Me los quitó de la mano y los metió en el cajón de la mesilla de noche. Es divertidísima.
– ¿Va a venir D.B. para Navidad? -le pregunté.
– Mamá ha dicho que no sabe. Que depende. A lo mejor tiene que quedarse en Hollywood para escribir un guión sobre Annapolis.
– ¿Sobre Annapolis? ¡No me digas!
– Es una historia de amor. Y ¿sabes quiénes van a ser los protagonistas? ¿Qué artistas de cine? Adivina.
– No me importa. Nada menos que sobre Annapolis. Pero, ¿qué sabe D.B. sobre la Academia Naval? ¿Qué tiene que ver eso con el tipo de cuentos que él escribe? -le dije. ¡Jo! Esas cosas me sacan de quicio. ¡Maldito Hollywood!- ¿Qué te has hecho en el brazo? -le pregunté. El pijama era de esos sin mangas y vi que llevaba una tirita de esparadrapo.
– Un chico de mi clase, Curtis Weintraub, me empujó cuando bajábamos la escalinata del parque -me dijo-. ¿Quieres verlo?
Empezó a despegarse la tirita.
– Déjalo. ¿Por qué te empujó?
– No sé. Creo que me odia -dijo Phoebe-. Selma Atterbury y yo siempre le estamos manchando el anorak con tinta y cosas así.
– Eso no está bien. Ya no tienes edad de hacer tonterías.
– Ya sé, pero cada vez que voy al parque me sigue por todas partes. No me deja en paz. Me pone nerviosa.
– Probablemente porque le gustas. Además, esa no es razón para mancharle…
– No quiero gustarle -me dijo. Luego empezó a mirarme con una expresión muy rara-. Holden, ¿cómo es que has vuelto antes del miércoles?
– ¿Qué?
¡Jo! ¡El cuidado que había que tener con ella! No se imaginan lo lista que es.
– ¿Cómo es que has venido antes del miércoles? -volvió a preguntarme-. No te habrán echado, ¿verdad?
– Ya te he dicho que nos dejaron salir antes. Decidieron…
– ¡Te han echado! ¡Te han echado! -dijo Phoebe. Me pegó un puñetazo en la pierna. Cuando le da la ventolera te atiza unos puñetazos de miedo-. ¡Te han echado! ¡Holden! -se había llevado la mano a la boca y todo. Es de lo más sensible. Lo juro.
– ¿Quién dice que me hayan echado? Yo no he…
– Te han echado. Te han echado.
Luego me largó otro puñetazo. No saben cómo dolían.
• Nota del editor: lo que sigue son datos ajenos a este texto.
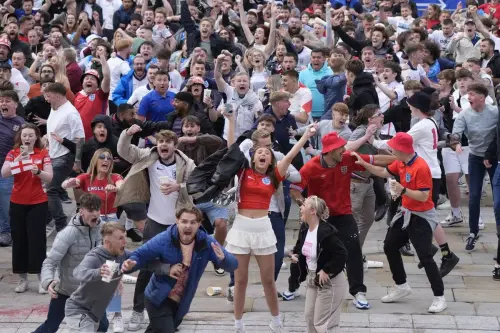 0 Fans watching England v Slovakia EUFA Euro 2024.webp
– Papá va a matarte -dijo. Se tiró de bruces sobre la cama y se tapó la cabeza con la almohada. Es una cosa que hace bastante a menudo. A veces se pone como loca.
– Ya vale -le dije-. No va a pasar nada. Papá no va a… Vamos, Phoebe, quítate eso de la cara. Nadie va a matarme.
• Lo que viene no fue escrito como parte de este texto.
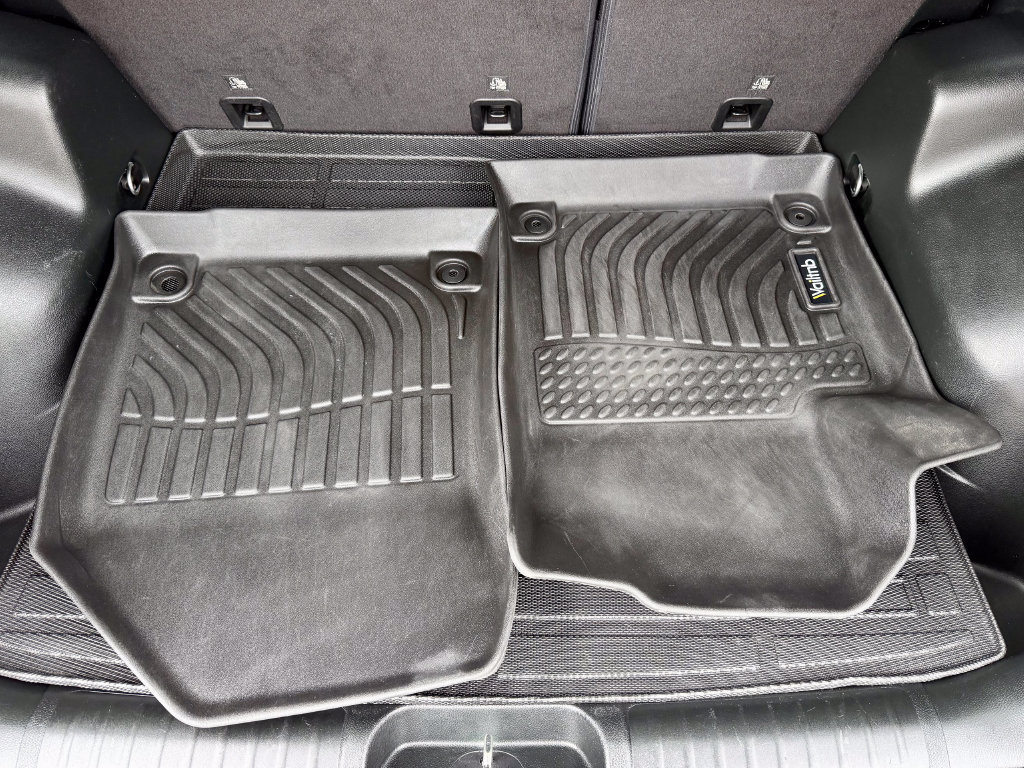 Used 2019 Jeep Cherokee Limited AWD/4WD image 17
Pero no quiso destaparse. Cuando se empeña en una cosa, no hay quien pueda con ella. Siguió repitiendo:
– Papá va a matarte. Papá va a matarte -apenas se le entendía con la almohada sobre la cabeza.
– No va a matarme. Piensa un poco. Para empezar voy a largarme de aquí una temporada. Buscaré trabajo en el Oeste. La abuela de un amigo mío tiene un rancho en Colorado. Le pediré un empleo -le dije-. Si voy, te escribiré desde allí. Venga, quítate esa almohada de la cara. ¡Vamos, Phoebe! Por favor. ¿Quieres quitártela?
No me hizo caso. Traté de arrancársela pero no pude porque tiene muchísima fuerza. Se cansa uno de forcejear con ella. ¡Jo! ¡Qué tía! Cuando se le mete una cosa en la cabeza…
– Phoebe, por favor, sal de ahí -le dije-. Vamos. ¡Eh, Weatherfield! ¡Sal de ahí!
Pero como si nada. A veces no hay modo de razonar con ella. Al final fui al salón, cogí unos cigarrillos de la caja que había sobre la mesa, y me los metí en el bolsillo. Se me habían terminado.